• What you will do: Word for word, copy the listing below and leave out its images.
____ Recorded data
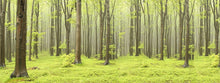 R10101 Deciduous Forest Mural by Rebel Walls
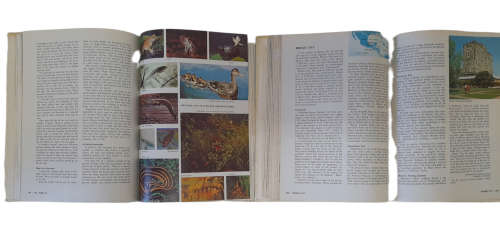 The New Book of Knowledge Encyclopedia Set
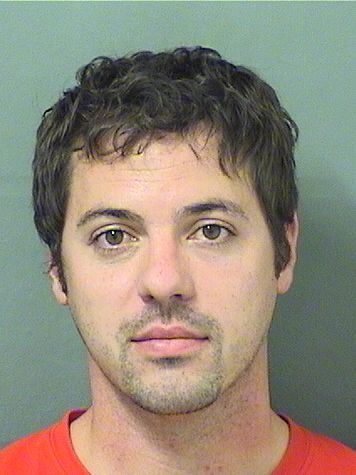  DAVID WILLIAM 2 HANSON Results from Palm Beach County Florida for  DAVID WILLIAM 2 HANSON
________
• Completed task:
 R10101 Deciduous Forest Mural by Rebel Walls
 The New Book of Knowledge Encyclopedia Set
  DAVID WILLIAM 2 HANSON Results from Palm Beach County Florida for  DAVID WILLIAM 2 HANSON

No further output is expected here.